I'm getting ahead of myself . . . two paragraphs in and I haven't even mentioned the restaurant yet. And you can probably already guess the gist. The visit was bit exciting to start with. Jay Rayner, the Observer's restaurant critic, had already kindly given us a mention on their blog. When he emailed Ben asking to join him for supper this sounded good. And where were we going? Camino . . . A new Spanish restaurant in King's Cross that I'd walked past a couple of times and been eager to visit. Ben and I arrived first and sought recommendations from the bar. We were told that the Cruzcampo was good. Not an impressive recommendation in my book, especially when they had Alhambra beer as well. We started off quite liking the interior. It's on two levels with a large bar stretching around to accommodate both, there is a large skylight making the place, er, lighter.
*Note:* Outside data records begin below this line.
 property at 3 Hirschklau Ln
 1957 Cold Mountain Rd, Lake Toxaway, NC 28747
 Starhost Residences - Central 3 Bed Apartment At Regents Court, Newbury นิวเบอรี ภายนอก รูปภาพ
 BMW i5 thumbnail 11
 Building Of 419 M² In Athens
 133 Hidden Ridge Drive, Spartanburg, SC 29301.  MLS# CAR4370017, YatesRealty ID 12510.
Later on the place started to seem more and more like a motorway service station, admittedly a continental one . . . there are even road signs on the walls. This is, of course, because camino means 'way' or 'route' (any Spanish speakers feel free to leap in here as I don't speak it). The idea is that you can take a walk through various regional styles of food. This is illustrated on the funny little concertina menu by placing the dish descriptions along the length of a road. Or maybe it was a river.
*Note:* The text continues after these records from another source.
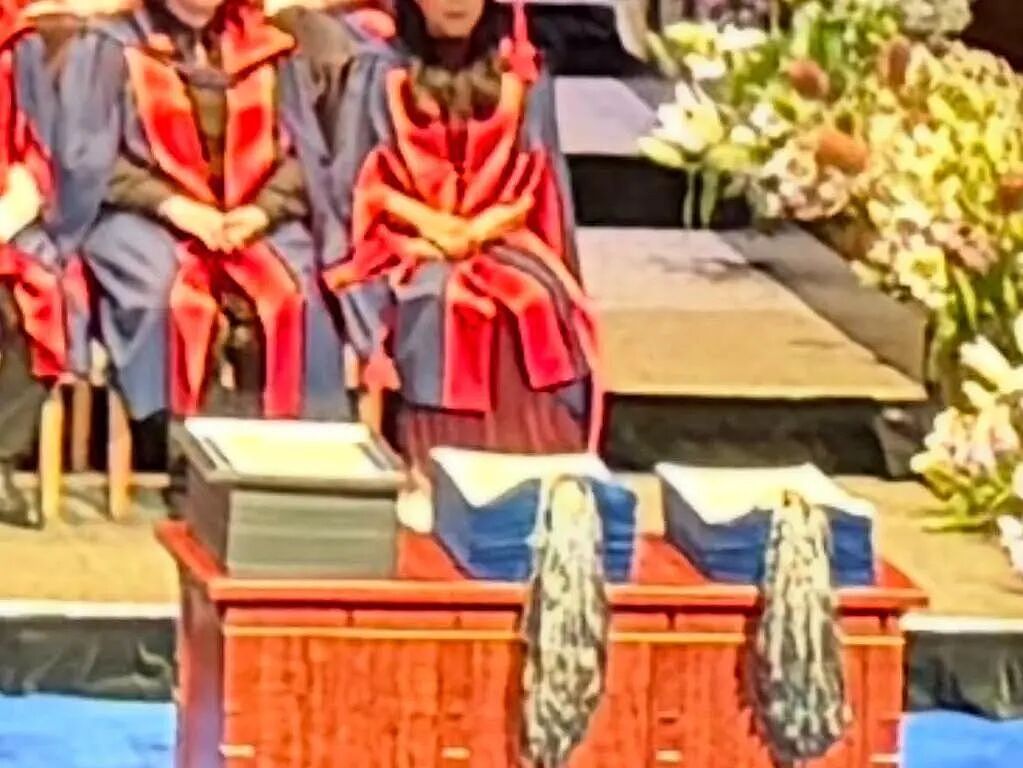 毕业典礼只发空信封！澳洲大学闹乌龙，数百学生被迫拿“假证书”摆拍（组图） - 2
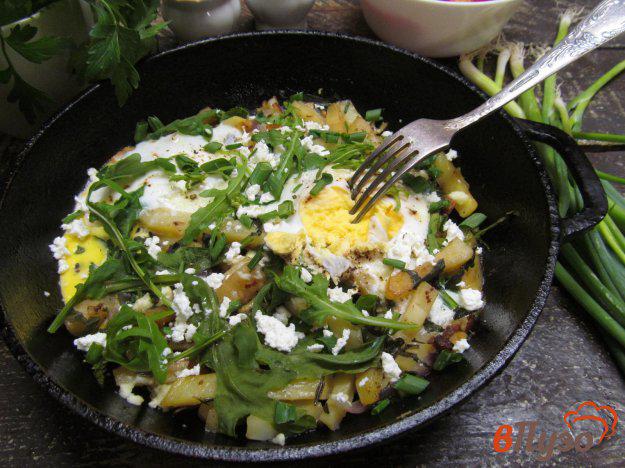 фото рецепта: Жареный картофель с пастернаком и яйцом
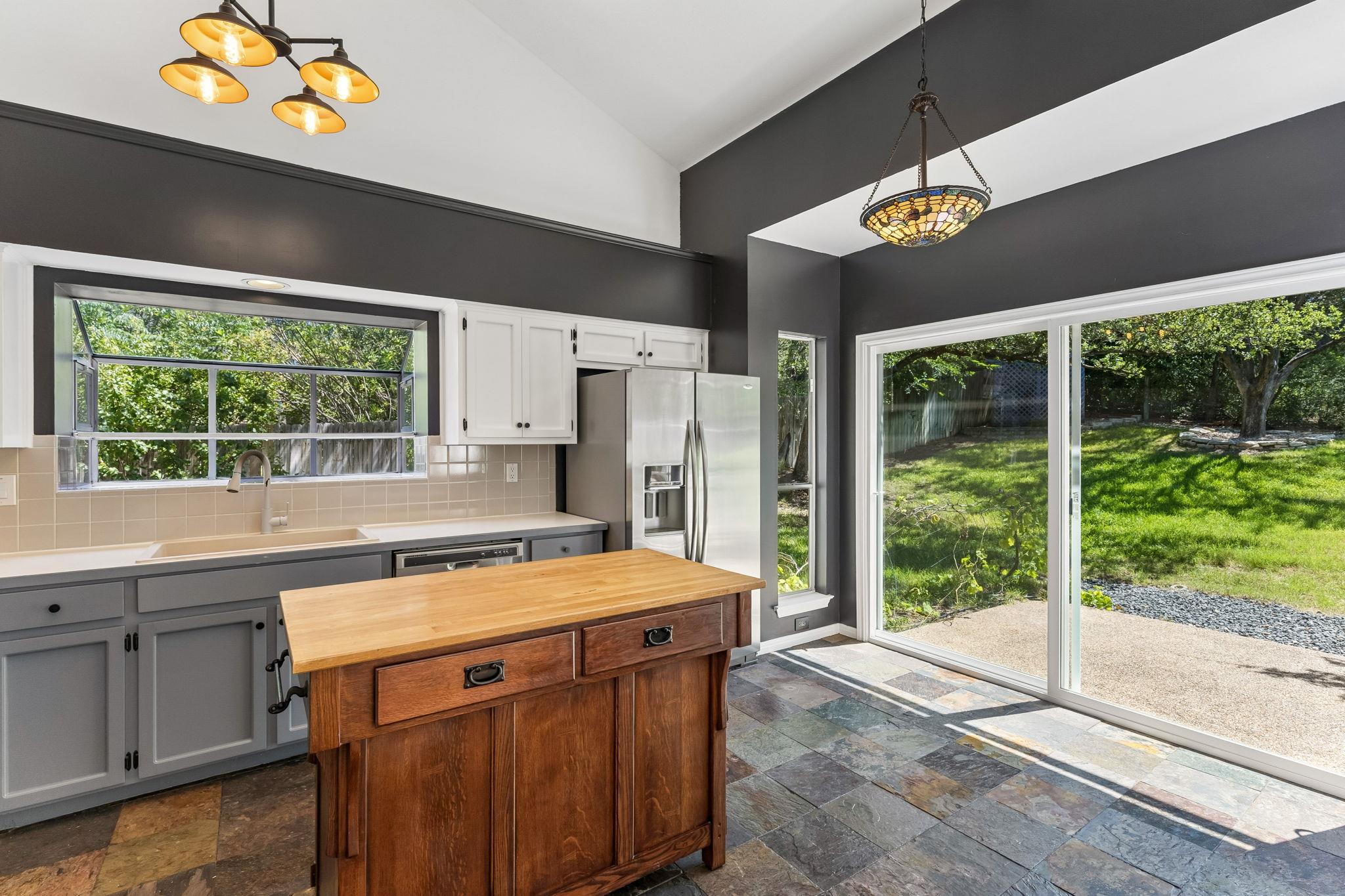 3609 Latimer DR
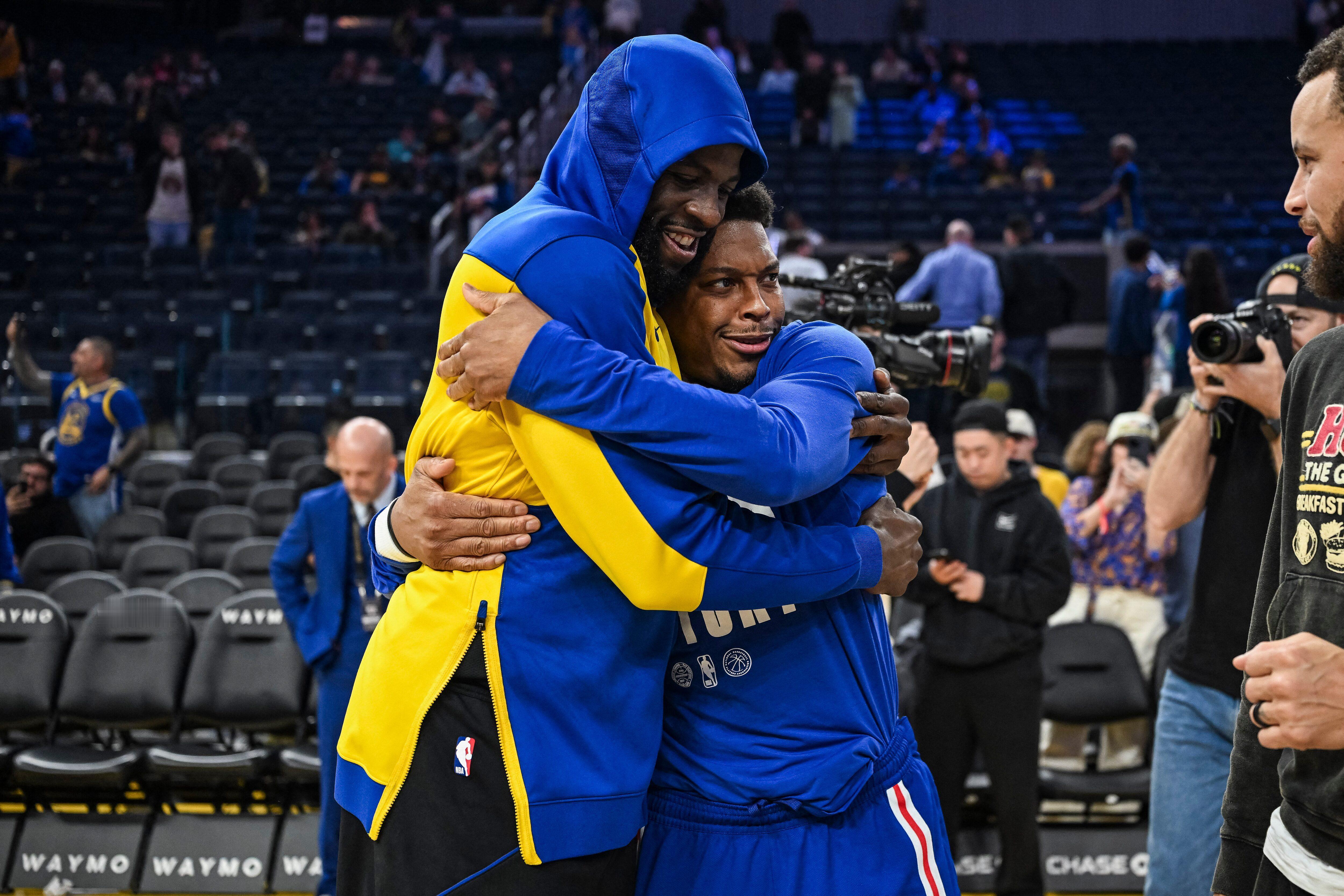 追梦格林七个失误了，想下班还是咋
As to the food . . . well, it was just a little boring with some mistakes in execution. We ordered Jabugo ham, Galician octopus with potatoes and a mackerel escabeche. The ham was at the right temperature (i.e. not cold) but was sliced too thickly. The octopus was unexciting and lacked vigour, despite a sprinkling of paprika. The best of the starters was the escabeche, flavourful and just firm enough with a light citrus marinade. Next I declined the chance to join in with Ben and Jay in tucking into some Charolais beef and went for some Romney Marsh(!) lamb cutlets instead. I'd had an enormous Ginger Pig T Bone steak the day before so I couldn't even look at anything cow related. The verdict on the beef seemed to be that it was ok, just rather boring . . . boring is not good enough for beef, after one mouthful you should be involuntarily slobbering and muttering, 'oh yes' (That is what happens at Hawksmoor, Santa Maria Buen Ayre, El Faro etc etc.). Maybe for my lamb they were too reliant on natural seasoning. Salt marsh lamb can be delicious but this lacked flavour and should have been more strongly seasoned. To accompany this we had pan roasted potatoes with onion, green peppers and egg. These are knockout ingredients but again Camino's dish seemed to lack soul.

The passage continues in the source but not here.